The political discourse surrounding the horrific shooting in Arizona has been awful .
The MSM has delighted in portraying the wacko shooter in Arizona as a "right wing fanatic". I'm watching Katie Couric making that case on CBS news as we speak. She just fed a loaded question to the Sheriff in Tucson, who just said that the 2nd Amendment is the "height of insanity"... that nugget of wisdom led directly into a CBS "hit piece" on the right to bear arms, suggesting that a CBS-style gun ban would have prevented this tragedy.
I went out to the barn to check on the horses and came back inside and, 10 minutes later, CBS was _still_ suggesting that the 2nd Amendment and the Tea Party movement was responsible for the shooter in Arizona, who by most accounts was a seriously crazy pot-head nihilist, with no coherent political affiliations at all.
The Arizona shooter reportedly asked Congresswoman Giffords "What is government if words have no meaning?". Giffords was reportedly bewildered by the (bewildering) question and Loughner became angry from her inadequately-sympathetic response.
The guy had (and still has) several You-Tube videos online that are completely nonsensical: "Every human who is mentally capable is always able to be the treasurer of their new currency" Huh? And it gets weirder from there.
He goes on: "Secondly, my hope - is for you to be literate! If you're literate in English grammar, then you comprehend English grammar." Uh-huh... "If I have my civil rights, then this message wouldn't have happen." So much for literacy...
He reportedly had a fuzzy-headed thing about grammar, but the question about government and words having no meaning was interesting.
Ultimately politics is about communication, the expression of ideas. Ideas can be powerful, whether or not they are connected to reality or evidence. Smart political operatives have long understood this. Lyndon Johnson famously sought to accuse an opponent of copulating with livestock. He, and everyone else, knew it was a scurrilous libel - but he also knew it would work.
So the problem is not that words have no meaning, but that they do - they have more meaning than they deserve, so much so that tangible, real evidence pales next to their semantic and psychological potency. Another way to express this is the axiom that "perception is reality". In other words, truth doesn't matter - what matters is what people believe.

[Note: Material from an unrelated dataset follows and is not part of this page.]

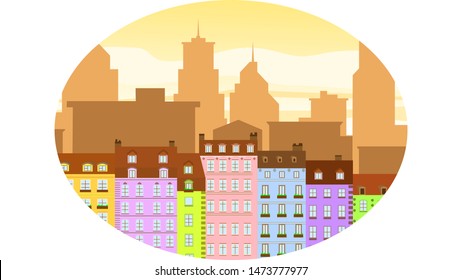 vector image of apartment buildings on the background of the modern city. EPS-10 in ellipsoid frame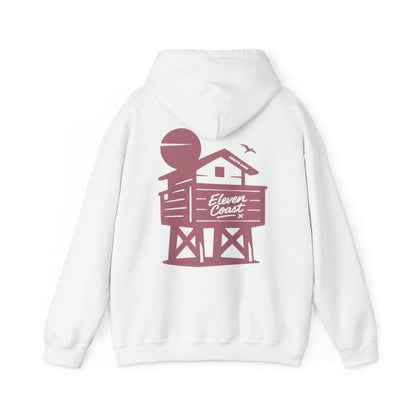Men's Hoodie Raised Beach Chalet Design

And people can be counted on to be reactionary and have short attention spans - what you tell them now will often have more impact than what they knew to be true yesterday.
I think the left wing understands this all to well - which explains what they report on CBS news. It almost always works, even as the people, at a deeper level become even more disaffected and distrustful of almost all public voices. Disapproval of Congress currently stands at 74%. I don't know exactly how this compares with opinions of Congress in other times in history, but its the worst I can remember.
What this seems to mean is that the cacaphony of demagogery works: in a short term sense it confuses the people about what to believe, causing them to become somewhat disoriented and disconnected from their core understanding and belief. In the longer term it causes deep disaffection, disconnection, and cynicism about public institutions. If you're an anarchist or a nihilist (like the Arizona shooter may have been, to the extent he was lucid at all), this can be just what you want. If your goal is the destruction of traditional public institutions - in our case the institutions of Western civilization - then it's a pretty good strategy.
The basic question is whether loss of legitimacy of public institutions is a good thing. If you think it is, you probably would qualify as a revolutionary. The trouble with revolutions, though, is the revolutionaries seldom know where they will lead.
In our own case, the American Revolution was profoundly positive, creating the worlds oldest, greatest, and strongest democracy. Most folks (although these days maybe that's a stretch) would probably agree it was positive because it was strongly grounded in traditional western Judeo-Christian ethics. Most other revolutions have not worked out so well.
I reflect on the fact that today I am hesitant and wary about expressing my political opinions - even though those opinions are almost identical to the ones expressed by Thomas Jefferson. I write this blog (semi) anonymously and am much more wary about what I say in attributable fora. It makes me wonder where we are in terms of the political climate in the western world, and reflect that my opinions, which I'm wary to express, are pretty much the _exact same_ as the ones that got the founding fathers in trouble with the British 235 years ago.
In closing, I'll say this: if we are not willing to defend liberty - freedom from oppression, freedom of expression, freedom to pursue happiness - we won't have much of it for much longer, and none of it pretty soon.
We're lucky: we have a constitutionally-established republic that accords special status to individual freedom and liberty. Unlike the founding fathers, we don't need a revolution to preserve it. But if we do not think about, and defend, what we believe in, rather than about the demogogery and rhetoric telling us things we know are not true, we could lose it. When it's gone we'll understand we did the wrong things.